■ **Work request**
Reproduce the whole listing exactly, omitting any picture it holds.

■ **Material for this task**

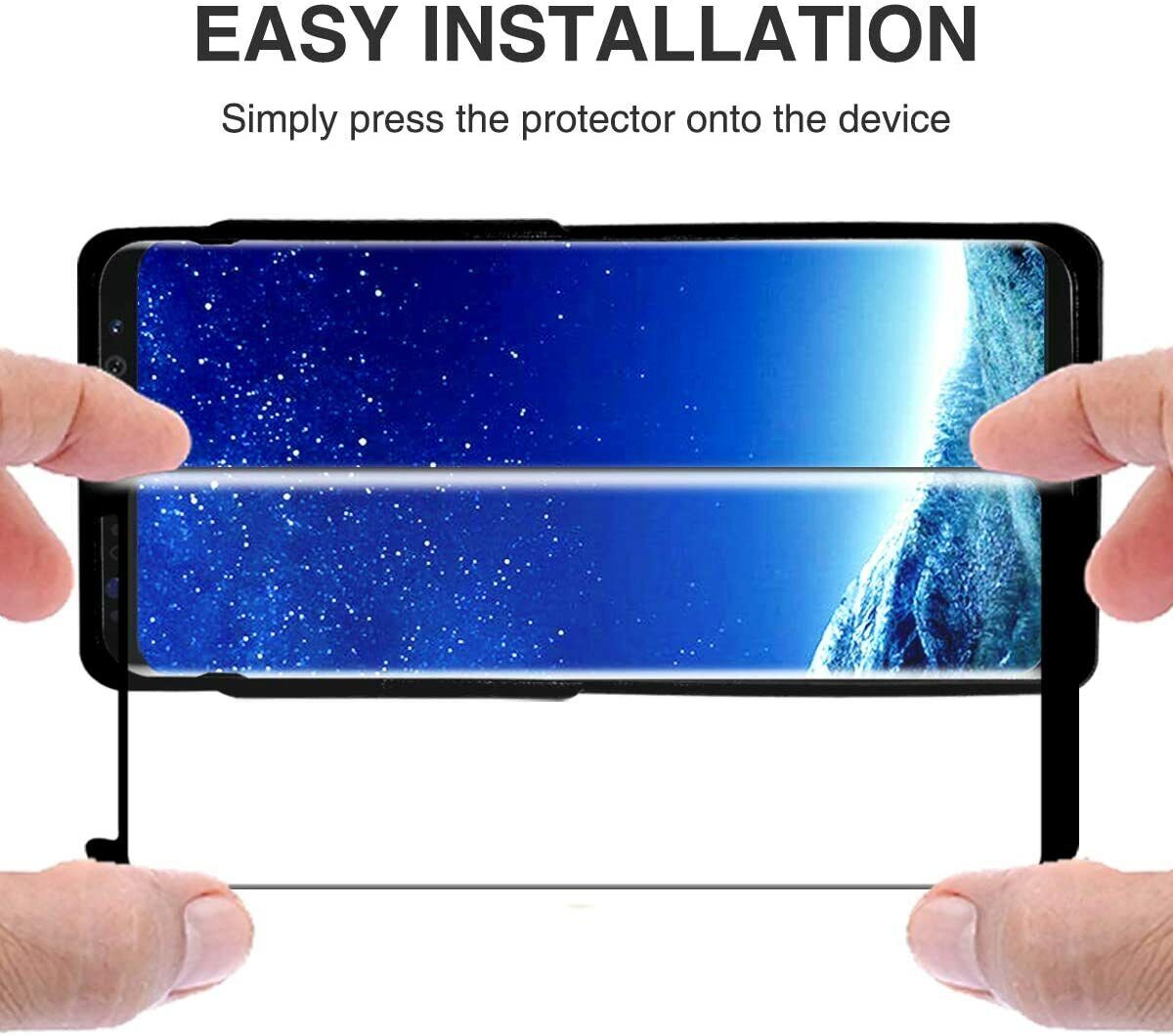 Gmark S8 Plus Screen Protector Glass (2 Pack) (Alignment Frame Tool) Galaxy S9+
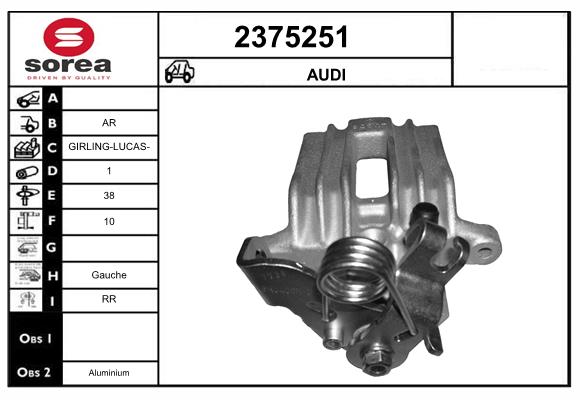 Etrier frana 2375251 EAI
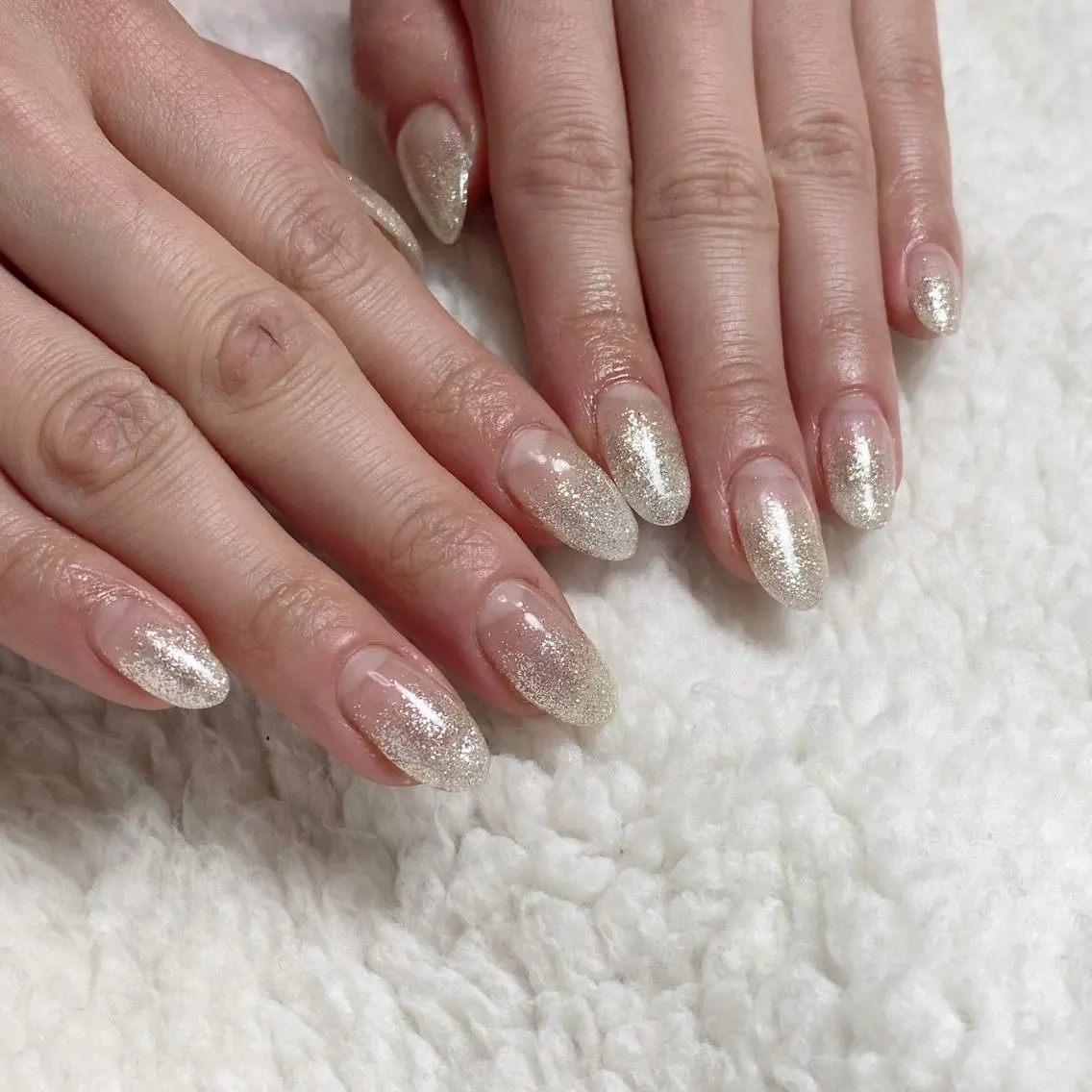 ネイル グラデーション ラメ(グリッター) Josee 山田のネイルデザイン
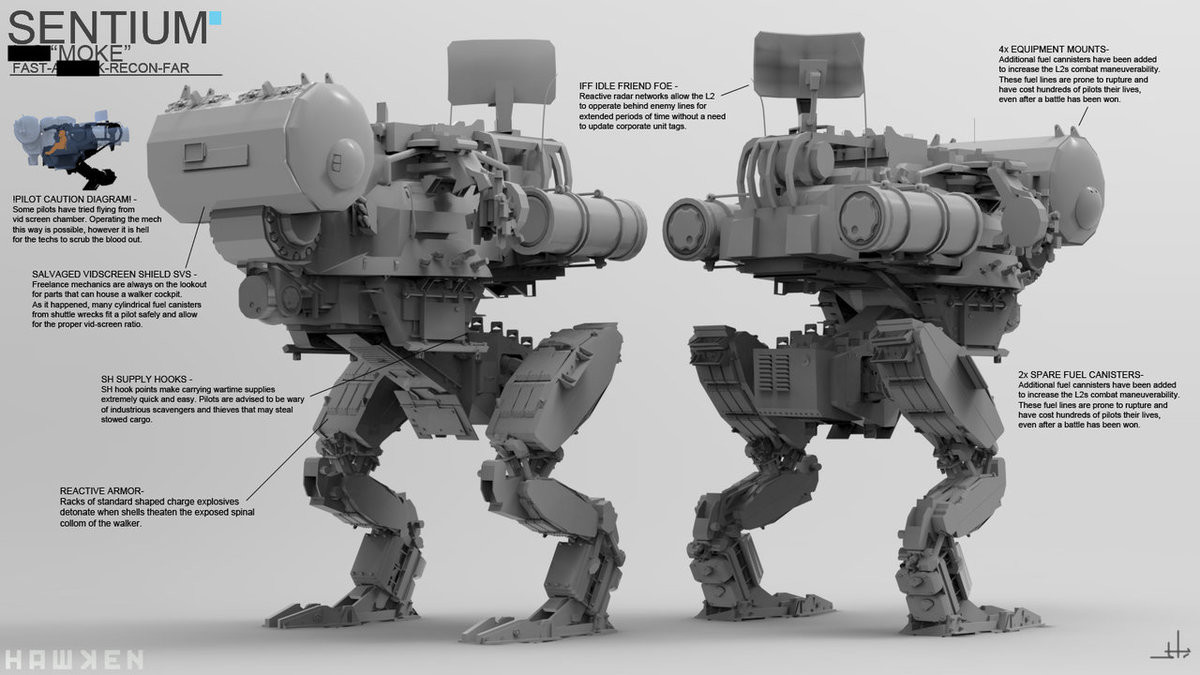 Concept Art Dump - Part 1: Mechs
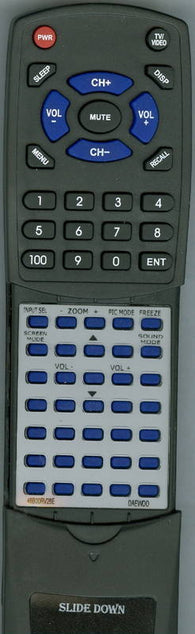 DAEWOO DP42WM Replacement Remote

■ **Response area**
 Gmark S8 Plus Screen Protector Glass (2 Pack) (Alignment Frame Tool) Galaxy S9+
 Etrier frana 2375251 EAI
 ネイル グラデーション ラメ(グリッター) Josee 山田のネイルデザイン
 Concept Art Dump - Part 1: Mechs
 DAEWOO DP42WM Replacement Remote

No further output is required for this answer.